Morgan McKinnon said...

HENRY FORD: As told in “Think and Grow Rich”

During the world war, a Chicago newspaper published certain editorials in which, among other statements, Henry Ford was called "an ignorant pacifist."

Mr. Ford objected to the statements, and brought suit against the paper for libeling him… the attorneys for the paper placed Mr. Ford, himself, on the witness stand, for the purpose of proving to the jury that he was ignorant.

The attorneys asked Mr. Ford a great variety of questions, all of them intended to prove, by his own evidence, that,… he was, in the main, ignorant.

Mr. Ford was plied with such questions as the following:

"Who was Benedict Arnold?" and "How many soldiers did the British send over to America to put down the Rebellion of 1776?"

In answer to the last question, Mr. Ford replied,

"I do not know the exact number of soldiers the British sent over, but I have heard that it was a considerably larger number than ever went back."

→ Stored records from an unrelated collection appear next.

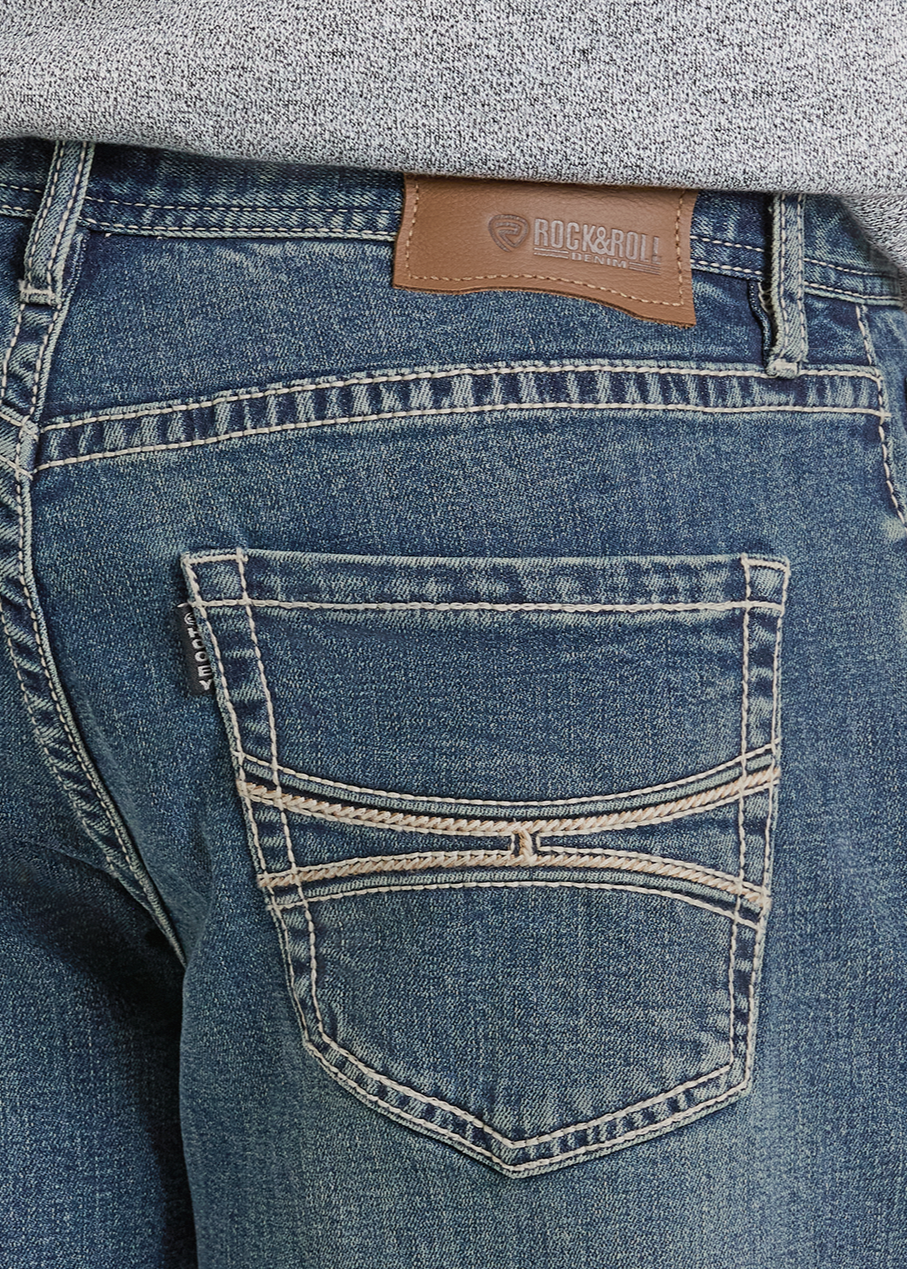 Close-up of the back of a person wearing blue Hooey Relaxed Fit Raised Embroidery Pocket Stackable Bootcut Jeans by Rock & Roll Denim, featuring a brown leather patch on the waistband and a grey sweater tucked in above the jeans.
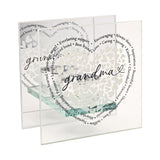 Square glass tealight holder with clear panels featuring Grandma in black script, white heart motifs, and a ring of printed phrases like Everlasting support and Best friend.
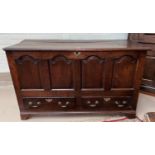 An 18th century country made oak mule chest with hinged top, 4 arched fielded panels to the front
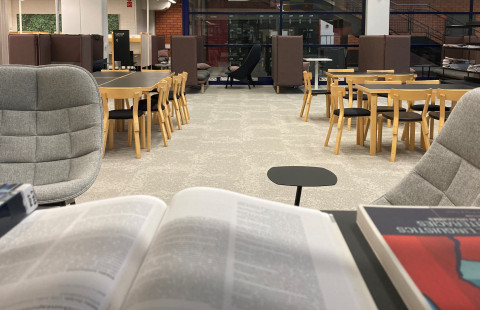 Kuopion kampuskirjaston tiloissa nojatuoleja ja työpöytiä.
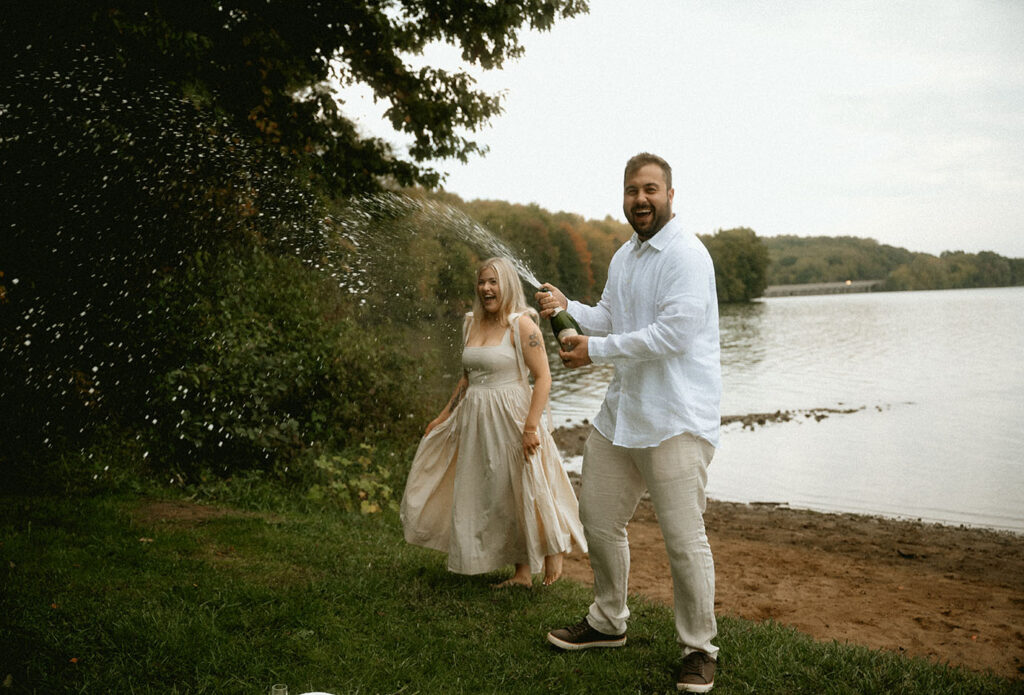 BW Couple pop Champagne bottle celebrating their engagement in Moraine State Park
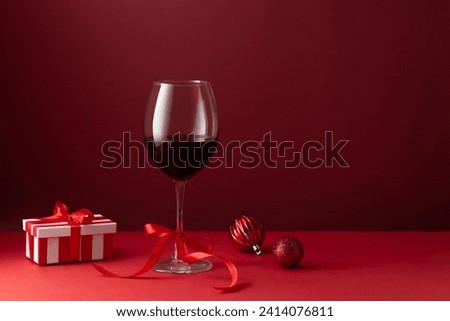 Glass of red wine with a bow on a red background art photography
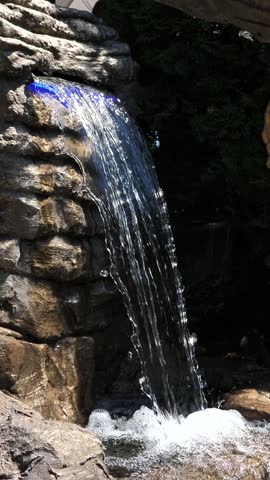 A man-made waterfall in a sun-drenched rock garden, bathed in bright sunlight.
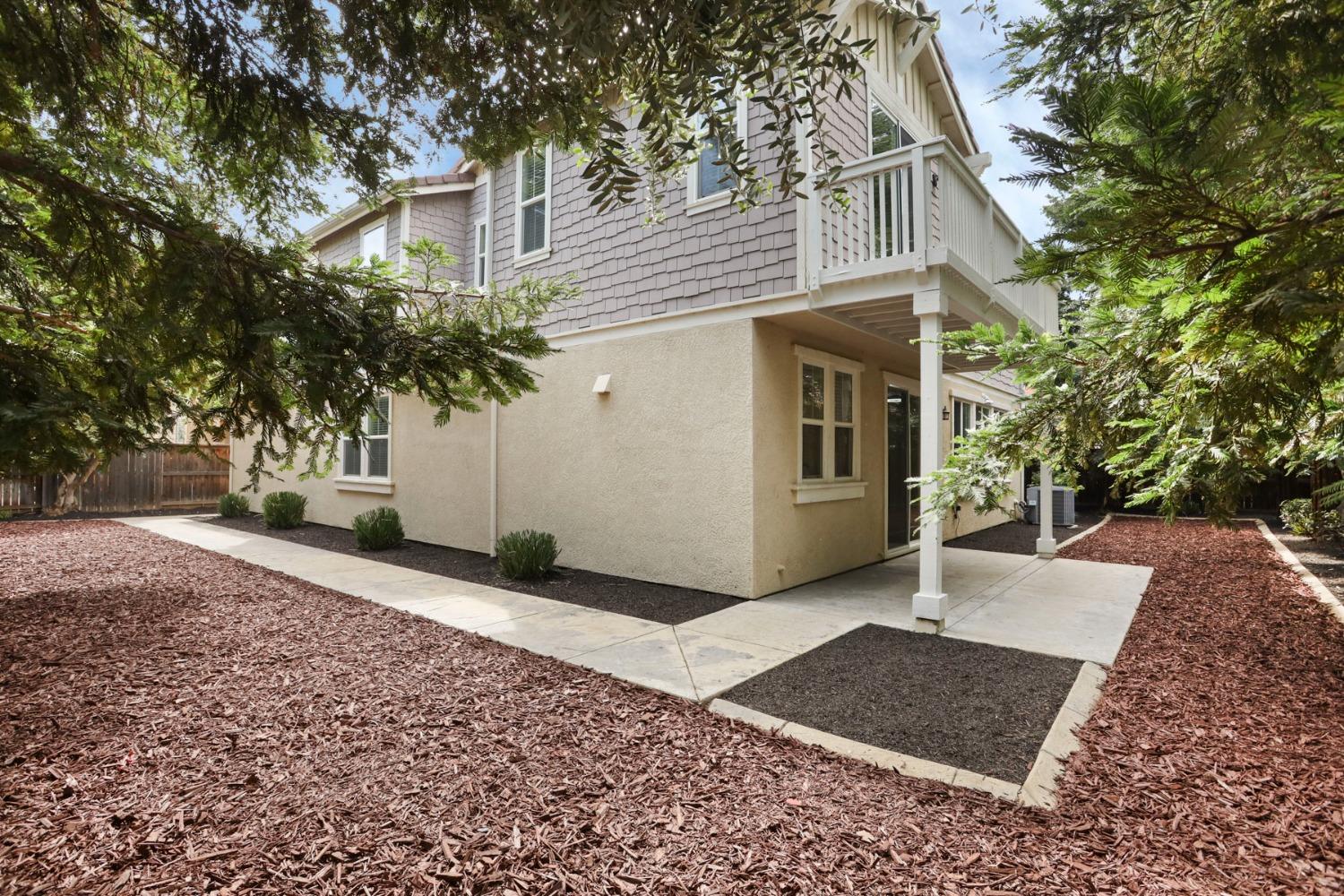 9363 Vintner Circle Patterson, CA 95363 - Photo 45 of 52 a view of a front of house with a yard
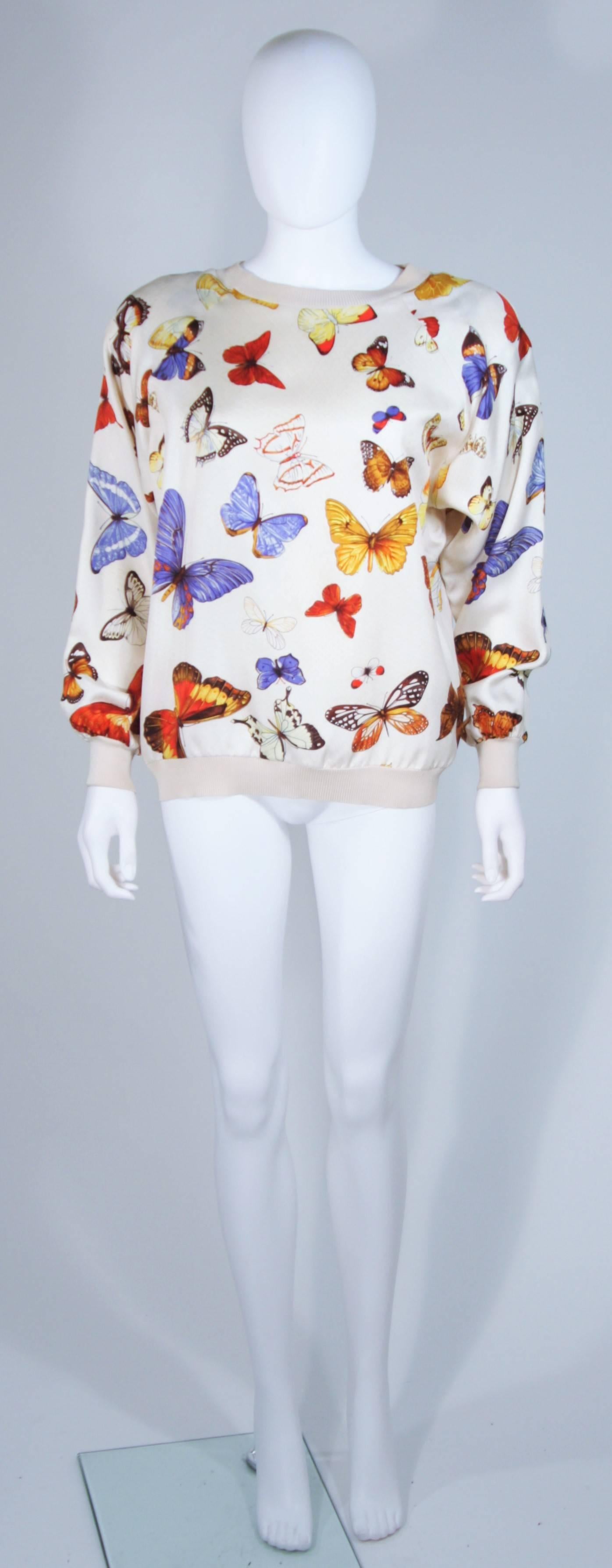 This Hermes design is available for viewing at our Beverly Hills Boutique. We offer a large selection of evening gowns and luxury garments.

Finally, Mr. Ford became tired of this line of questioning, he leaned over, pointed his finger at the lawyer who had asked the question, and said,

"If I should really WANT to answer the foolish question you have just asked, or any of the other questions you have been asking me, let me remind you that I have a row of electric push-buttons on my desk, and by pushing the right button, I can summon to my aid men who can answer ANY question I desire to ask concerning the business to which I am devoting most of my efforts…”

There certainly was good logic to that reply.

That answer floored the lawyer. Every person in the courtroom realized it was the answer, not of an ignorant man, but of a man of EDUCATION.

And so the point stands…any man is educated who knows where to get knowledge when he needs it, and how to organize that knowledge into definite plans of action.

Ford left a personal fortune estimated at $500 to $700 million, bequeathing the largest share of his holdings in the Ford Motor Company to the Ford Foundation, a nonprofit organization.